Lorenzo Meyer
Noviembre 23, 2020
AGENDA CIUDADANA
El gobierno mexicano acaba de ganar una partida en su siempre asimétrica y compleja relación con Washington. Pero falta camino por recorrer para que evento tan excepcional –la devolución a México de un general de cuatro estrellas, prisionero en Estados Unidos acusado de complicidad con narcotraficantes– se cierre con broche de oro. Ahora México debe lograr que el general enfrente aquí las acusaciones hechas allá y que el desenlace sea aceptable en ambos lados. Si esto no se logra, el éxito de hoy se tornaría en un fracaso político para el régimen mismo.
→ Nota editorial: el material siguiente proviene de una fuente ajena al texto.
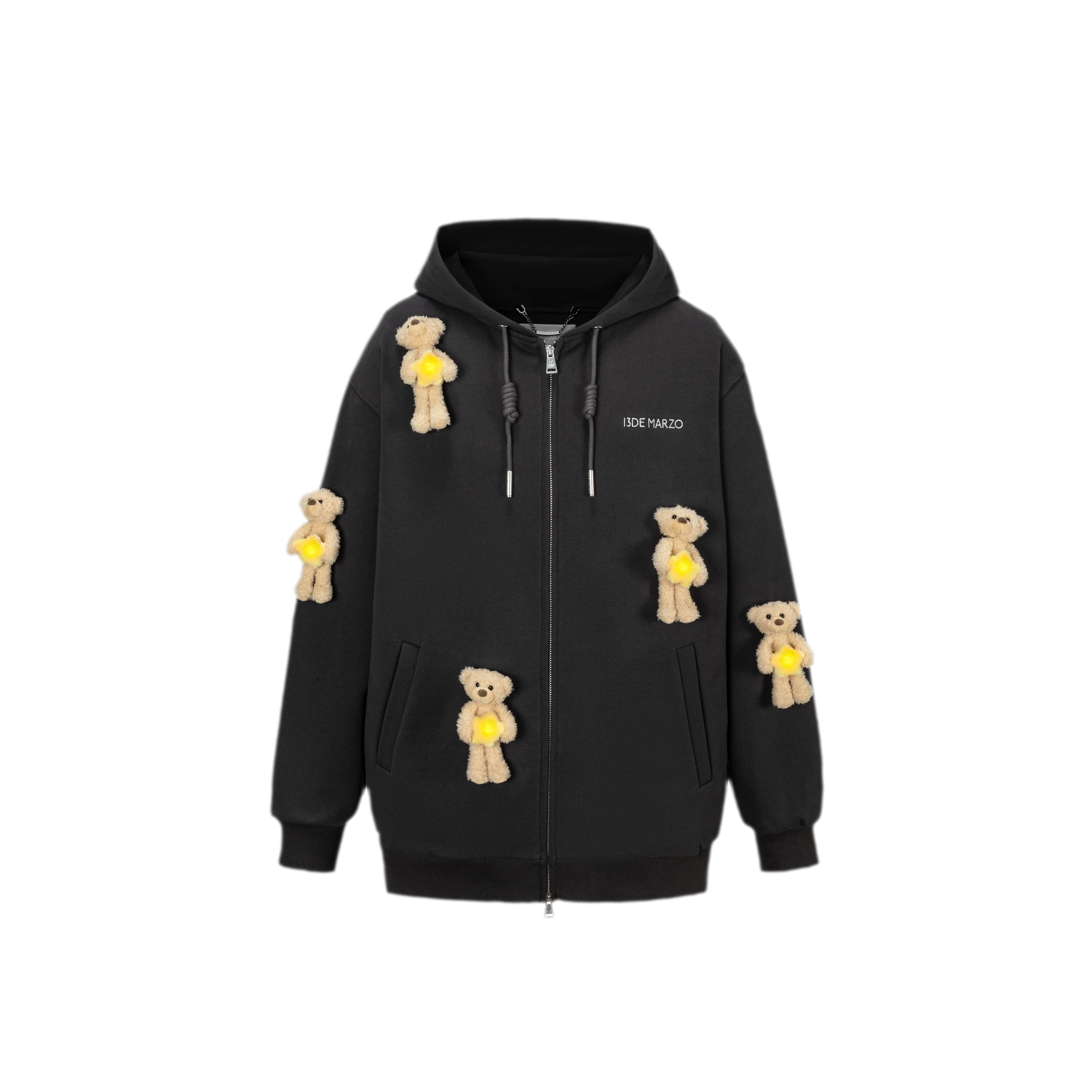 Bear Star Embroidered Hoodie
El arresto en Los Ángeles el 15 de octubre pasado del general en retiro y ex secretario de Defensa de México, Salvador Cienfuegos, bajo el cargo de complicidad con narcotraficantes para blanquear dinero y traficar con heroína, cocaína, metanfetaminas y mariguana, causó enorme revuelo y desazón en México. Esos cargos, se dijo, resultaron de una investigación iniciada desde 2013 por la Administración para el Control de Drogas norteamericana (DEA). Un mes más tarde la sorpresa adquirió dimensiones mayores cuando el procurador general norteamericano, William Barr, pidió a la juez que llevaba el caso aceptar el retiro de todos los cargos en contra del general mexicano por motivos “importantes y sensibles de política exterior” (“sensitive and important foreign policy considerations”). La petición fue aceptada y de inmediato un avión norteamericano regresó al general a México.
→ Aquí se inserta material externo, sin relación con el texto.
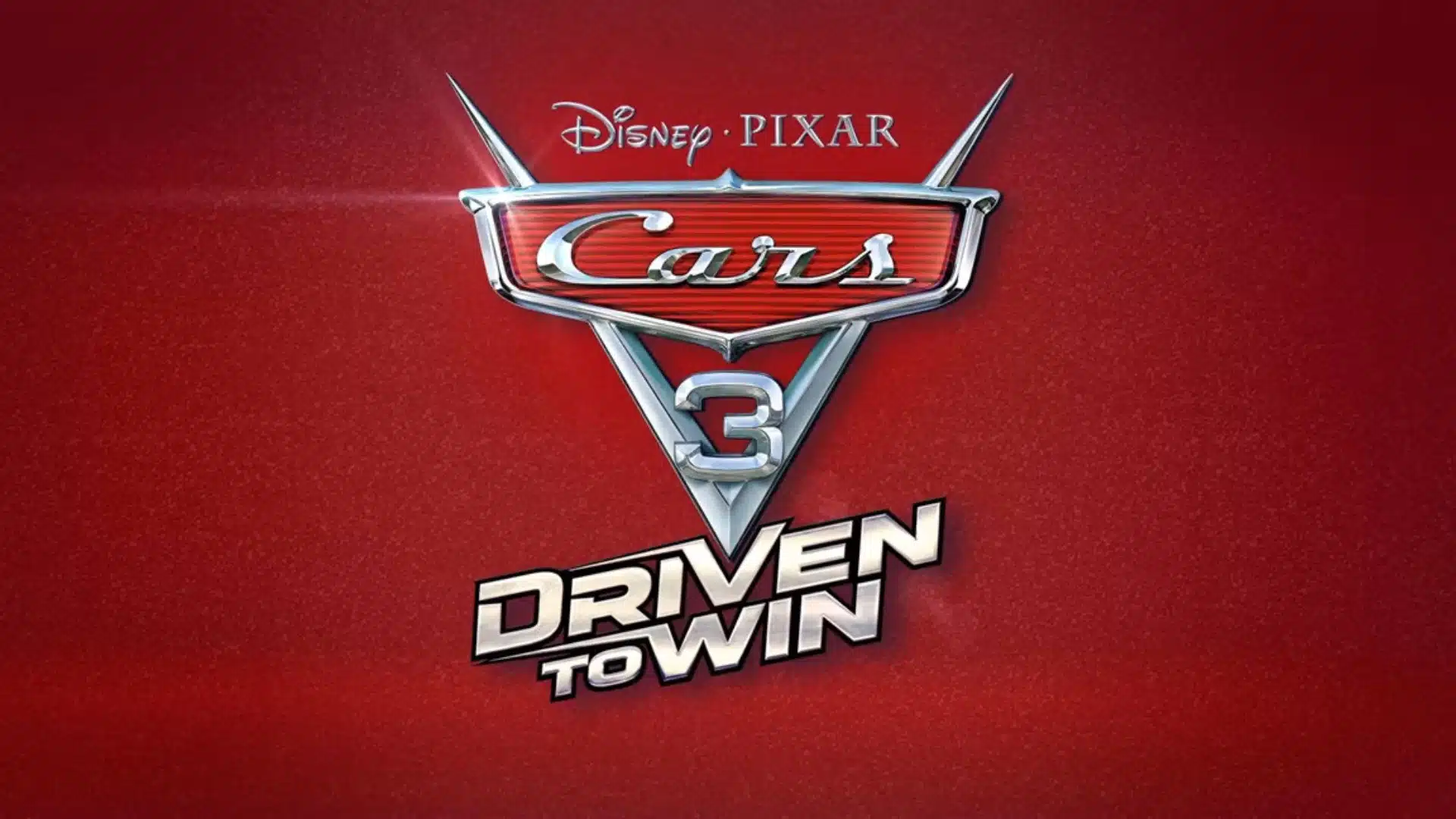 Official game logo for Cars 3 Driven to Win against a red textured background.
Un viraje tan abrupto y rápido como el que dio el gobierno norteamericano es realmente excepcional y, obviamente, causó consternación y enojo en círculos gubernamentales de ese país y a juzgar por los correos a los periódicos, también entre el público. Para la DEA fue una enorme derrota y su frustración fue compartida por los subordinados del procurador Barr encargados de presentar el caso y también por el Departamento de Estado y en el Capitolio. Y es que de un plumazo se volvieron humo los años de trabajo de la Operación Padrino y su cúmulo de pruebas (The New York Times, 18/11/2020/).
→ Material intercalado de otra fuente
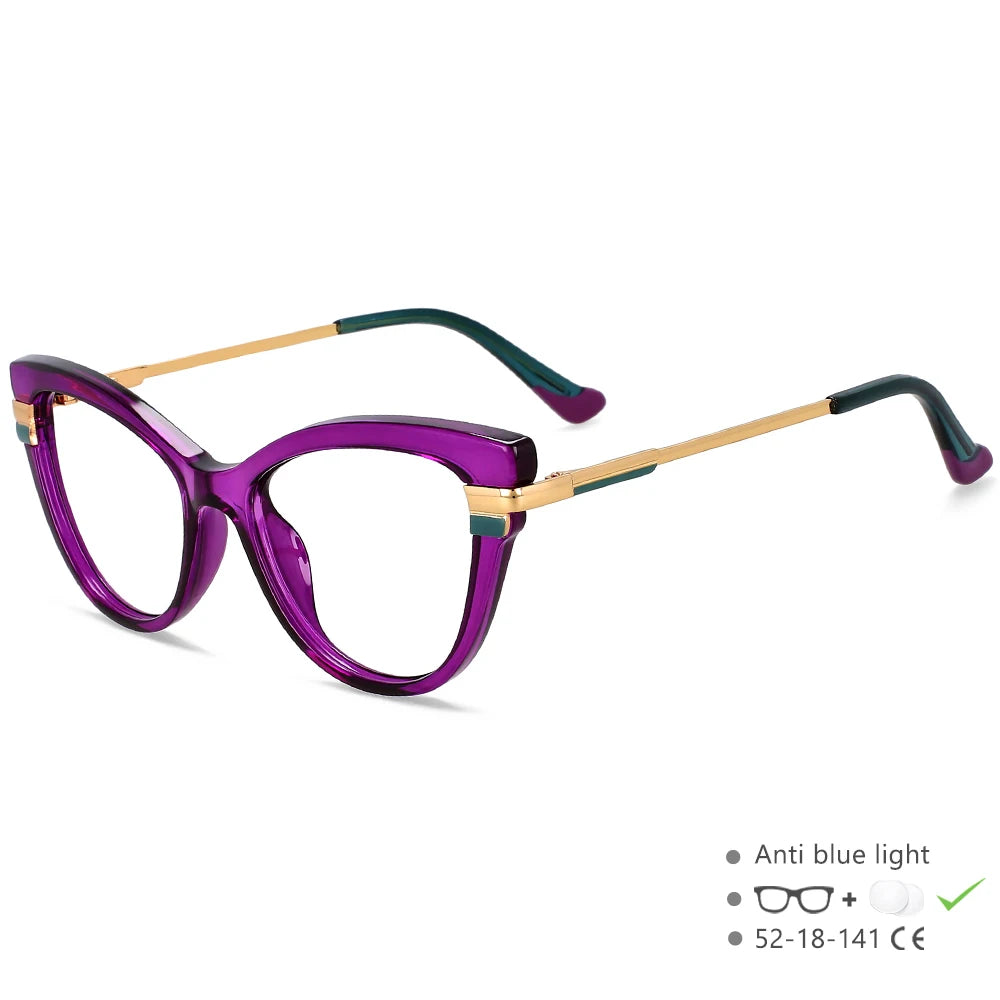 purple frame Cat Eye Frames Anti Blue Optical Glasses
¿Cómo logró el gobierno mexicano arrebatarle al norteamericano lo que suponía una de sus últimas y muy valiosas piezas del narcotráfico? La historia completa sólo se sabrá cuando se abran los archivos, pero, por ahora, esta la explicación del gobierno mexicano: la devolución fue resultado de su protesta por la violación flagrante del tratado suscrito en 1992 por México y Estados Unidos y que estipula que debe de informarse con oportunidad a México sobre el desarrollo de operaciones como la que culminó con el arresto del general, cosa que Washington nunca hizo. De no haber devuelto al prisionero, México hubiera podido congelar toda cooperación bilateral en materia de combate al crimen transnacional, lo que afectaría el interés nacional de Estados Unidos. Y quizá hubo algo más, como supone Ginger Thompson, quien fuera corresponsal en México: la cúpula militar mexicana hubiera resentido que su jefe nato, un presidente que les ha pedido y obtenido la colaboración del Ejército en un variado abanico de tareas, no hubiera puesto todo su empeño en traer de regreso a México al general. Y debilitar la muy frágil institucionalidad mexicana puede crearle, de rebote, más problemas al país vecino que una renuncia a enjuiciar al general ya retirado.
Para el gobierno mexicano, conseguir la libertad de un ex secretario de lo que considera un antiguo régimen bastante corrupto, implica asumir una gran responsabilidad: tiene que sopesar las pruebas que Estados Unidos tiene contra el general y demostrar a propios –especialmente al Ejército– y a extraños que México ha cambiado y que su sistema de justicia está a la altura de la circunstancia y de su reclamo de respeto a su soberanía.